The IT department was stuck in the middle of the process, manually delivering data, which was at odds with the company’s vision.
Realizing the need to drive business with rapid, sophisticated data insights, the company partnered with Blueprint Technologies to aggregate data from multiple enterprise systems, including third-party systems, into a modern data estate to improve decision-making, planning and data delivery process automation.
“The vision for this data platform is to have every data asset the company owns living in one place,” a Blueprint developer said. “We want it to be easily digestible and consumable for any employee ― this is all about enabling a self-service reporting model.”
The Blueprint Way
Blueprint set out to prove, as part of a proof of concept, that a well-designed, comprehensive modern data estate could be built within the company’s technology ecosystem. This proof of concept was built to manage rig sensor data utilizing Databricks to engineer raw files into useful data, and an Azure Data Lake Storage Gen2 instance to securely store and maintain the company’s data in such a way that it could easily be queried using Power BI and Databricks. The proof of concept sought to determine that the solution could be easily scaled as the company obtained and created more data.

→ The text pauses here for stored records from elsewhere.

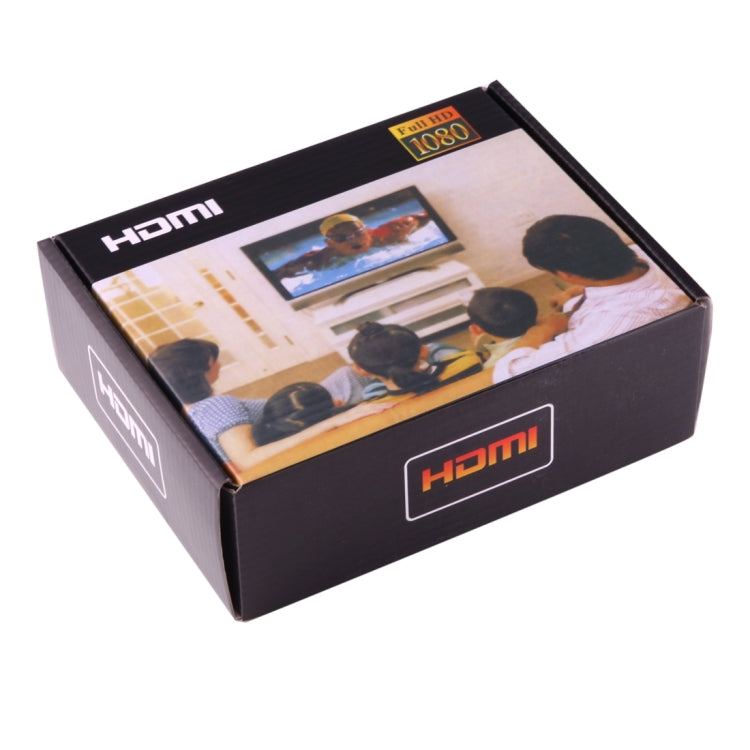 محول فيديو NEWKENG X5 من HDMI إلى DVI مع صوت ومخرج 3.5 مم محوري، قابس أوروبي، X5 HDMI إلى DVI مع صوت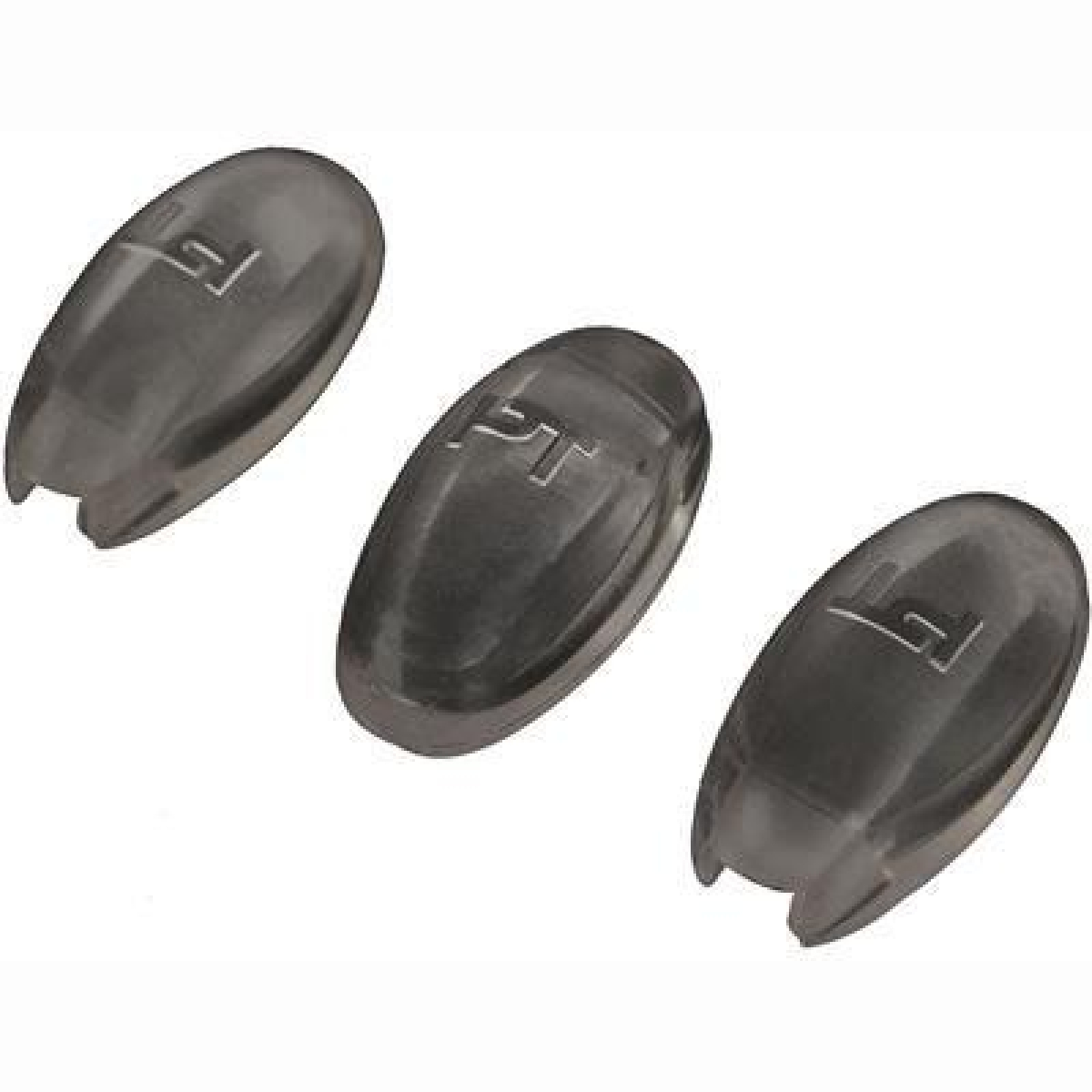 A351 Palm Key Riser Saxophon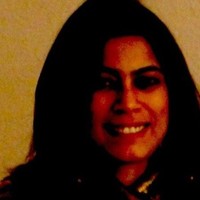 The Walt Disney Company Employee Devika Chawla's profile photo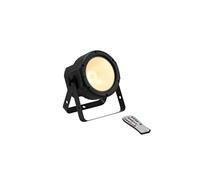 EUROLITE LED SLS-30 COB WW Floor - Projecteurs PAR LED
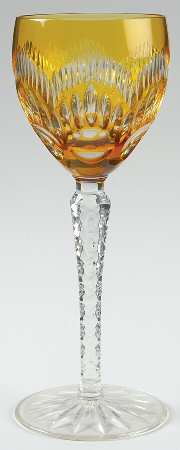 UNK11071 Amber Hock Wine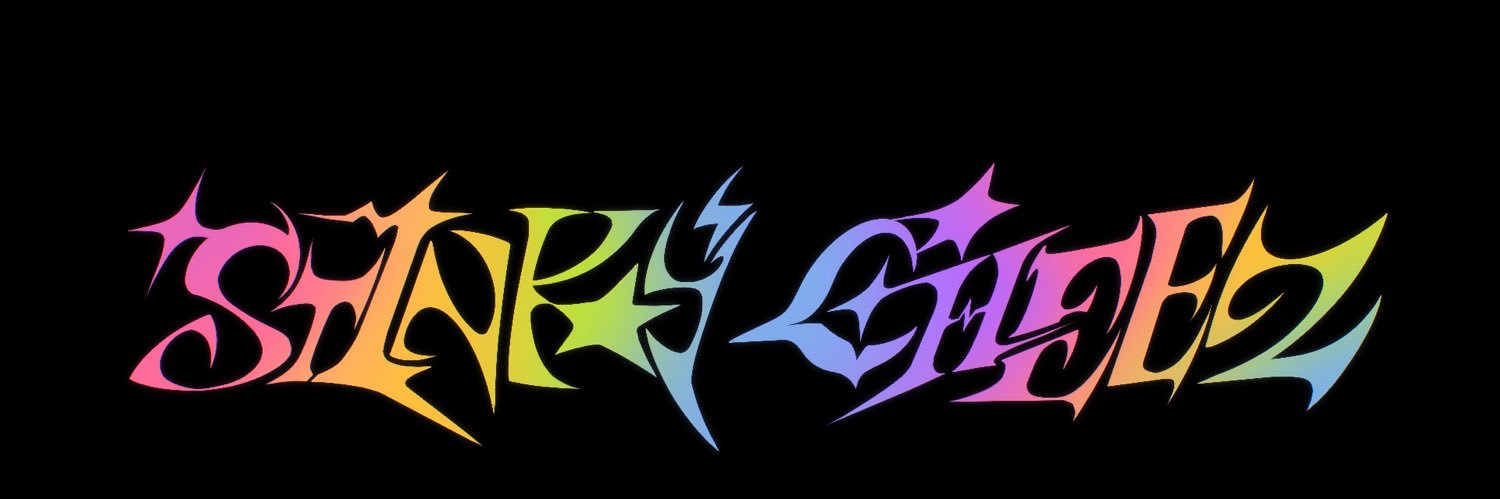 Stinky Cheez banner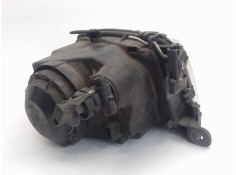 Recambio de faro delantero dcho para peugeot 306 3/5 pt. (s1) referencia OEM IAM 60975830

The 6-week POC demonstrated that the company’s highly complex sensor data could be securely ingested into an Azure Data Lake Storage Gen2 instance. This successful POC immediately led to the first of a multi-phased engagement to stand up a full modern data estate, deprecate expensive legacy systems and build out automated data delivery pipelines into BI platforms.
As part of Phase 1, functionality to stream rig sensor data into the modern data estate was delivered to business users in a production environment. The data was processed, normalized and organized into tables in Delta Lake using Databricks. This functionality removed the need for third-party legacy data engineering tools to structure the raw data. More than 85 TBs of historical and streaming data has already been delivered into the modern data estate.
“Summaries and aggregations that took us hours to run can now be done in minutes,” a data analytics manager at the company said after the engagement hit this milestone.
Blueprint has already kicked off Phase 2 of the project to continue the development of the modern data estate. This phase of the project includes migrating the company’s financial data from an on-premises ERP system to the cloud-based modern data estate. The data will be modeled using Azure SQL and Azure Data Factory. Power BI will be used to produce self-service reports and dashboards.
Future phases of the project focus on continuing to migrate more data, including drilling performance, supply chain and asset management data, into the modern data estate, and making that data more accessible for business intelligence.
“As more data is migrated into their modern data estate, the company will be able to manipulate data together in ways they never could before,” a Blueprint developer said.